×
Soğuk suyun hissiyatı kalplerindeki soğukluğun yanında hiçti.
Onları ısıtan şey birbirlerine sarılan bedenleriydi.
"Benjamin." Diye seslendi Vincent.
"Vincent." Diye karşılık verdi Benjamin.
Vincent'in intihara en çok yaklaştığı iki an vardı; ikisi de küvetteydi ve onu kurtaran yine aynı kişiydi.
Benjamin yerden kalkıp kıyafetleriyle küvetin içine gireli dakikalar olmuştu. Su etraftan taşsa da önemsizdi, Vincent yaralı kolu küvetten sarkarken Benjamin'in belini diğer eliyle kavramıştı.

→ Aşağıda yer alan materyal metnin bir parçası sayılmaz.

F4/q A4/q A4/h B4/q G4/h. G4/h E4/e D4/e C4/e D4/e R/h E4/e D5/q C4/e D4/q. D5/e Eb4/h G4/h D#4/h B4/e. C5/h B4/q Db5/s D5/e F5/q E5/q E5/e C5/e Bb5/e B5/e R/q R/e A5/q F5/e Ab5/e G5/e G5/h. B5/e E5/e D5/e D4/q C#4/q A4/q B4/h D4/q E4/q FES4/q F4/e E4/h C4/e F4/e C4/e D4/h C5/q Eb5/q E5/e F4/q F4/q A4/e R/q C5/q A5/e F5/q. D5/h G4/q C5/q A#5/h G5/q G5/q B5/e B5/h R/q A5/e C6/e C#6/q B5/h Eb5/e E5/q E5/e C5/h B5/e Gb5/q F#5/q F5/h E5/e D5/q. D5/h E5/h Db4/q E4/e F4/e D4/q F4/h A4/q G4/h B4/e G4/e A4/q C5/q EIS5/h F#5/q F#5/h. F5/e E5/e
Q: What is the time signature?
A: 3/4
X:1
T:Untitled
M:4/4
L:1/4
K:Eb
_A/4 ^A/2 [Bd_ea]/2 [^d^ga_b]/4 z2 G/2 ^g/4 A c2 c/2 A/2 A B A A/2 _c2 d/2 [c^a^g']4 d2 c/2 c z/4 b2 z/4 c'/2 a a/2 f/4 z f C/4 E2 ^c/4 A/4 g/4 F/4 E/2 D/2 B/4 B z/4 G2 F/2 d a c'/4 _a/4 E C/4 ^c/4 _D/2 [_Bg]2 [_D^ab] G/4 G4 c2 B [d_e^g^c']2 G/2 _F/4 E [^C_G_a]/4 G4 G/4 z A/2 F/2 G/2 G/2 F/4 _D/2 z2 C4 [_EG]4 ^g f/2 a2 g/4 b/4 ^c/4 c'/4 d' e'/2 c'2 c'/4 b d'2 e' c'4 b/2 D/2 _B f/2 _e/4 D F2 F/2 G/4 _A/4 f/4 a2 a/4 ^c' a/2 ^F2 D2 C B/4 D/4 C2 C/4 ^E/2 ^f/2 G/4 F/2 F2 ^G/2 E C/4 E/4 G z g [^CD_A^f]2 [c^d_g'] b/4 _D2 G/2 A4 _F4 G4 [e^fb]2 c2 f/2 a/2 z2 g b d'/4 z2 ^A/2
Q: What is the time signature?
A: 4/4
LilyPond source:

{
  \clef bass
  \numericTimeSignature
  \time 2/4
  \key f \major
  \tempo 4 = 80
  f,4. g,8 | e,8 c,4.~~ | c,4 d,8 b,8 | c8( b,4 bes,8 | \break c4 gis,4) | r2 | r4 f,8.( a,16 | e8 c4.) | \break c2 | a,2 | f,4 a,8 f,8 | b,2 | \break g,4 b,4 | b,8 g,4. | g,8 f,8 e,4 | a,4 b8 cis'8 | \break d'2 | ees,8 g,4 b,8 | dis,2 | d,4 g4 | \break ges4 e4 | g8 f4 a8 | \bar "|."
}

Benjamin tam olarak Vincent'in üzerinde yatıyordu, boynuna yasladığı yüzünün çene hizasına su geliyordu.
Birbirlerine karışmışlardı sanki, Vincent öyle hissediyordu.
"Sen her şeysin." Dedi birden Vincent.
Benjamin yaslandığı göğsün çıplak tenine daireler çizerken kaşlarını çattı anlamayarak.
"Ne?" Diye sordu, kafası karışmıştı.
"Sen her şeysin." Diye tekrar etti Vincent. "Sanat, bulutlar, yağmur, yaşam, sevinç, tutku, aşk. Sen hepsisin.
Sana bunu hiç söylemedim belki ama artık bilmen gerekiyor.
Benjamin, küçük fare, ben Tanrı'ya inanmıyorum biliyor musun?
Sadece sana inanıyorum."
Bir ihtiyaçtı Benjamin'i solumak. Görevini yerine getiriyordu her şeyiyle, saçlarından onu soluyordu. Islanmış tişörtü üzerinden belini kavrarken, boynunda yanağını hissederken, bacaklarını kendi üzerinde hissederken bunları söylemek bir mecburiyetti.
Çünkü Vincent günahlarının kefareti için Benjamin'e gelmişti, banyo mabediydi. Ve günahları dudaklarından bir bir dökülmeliydi ancak Vincent kendi ibadet ettiği kişiye olan aşkını, bağlılığını tekrar ediyordu.
Bir yemin gibi, onun bedenine değen suyla vaftiz oluyordu sanki. Onun nefesiyle gevşiyordu boynundaki her düğüm.
"Bir sanat eseri gibisin, sana her baktığımda gerçek dışı geliyorsun. Benjamin, ben kendimi sende kaybettim."
Sözleri kendine acıma ve saygı barındırıyordu. Çaresizdi, hüzünlüydü, her hücresi teslim olmuştu.
"Seni seviyorum demekten daha fazlasını söylemek istiyorum. Küçük fare ben sana tapıyorum. Ben seni gördüğüm her seferinde sen ilahi ışıklarla aydınlatıyorsun beni.
Sana gerek duyduğumu her saniye yoksunlukla hatırlıyorum. Dokunmaya bile gerek olmadan beni öyle bir uyuşturuyorsun ki kendimi uçmuş hissediyorum.
Sen haplardan daha çok mutlu ediyorsun. Siktir, Benjamin ben sana ölüyorum biliyor muydun bunu?"
Vincent'in sesine eğlenceli kıkırtı eşlik etti.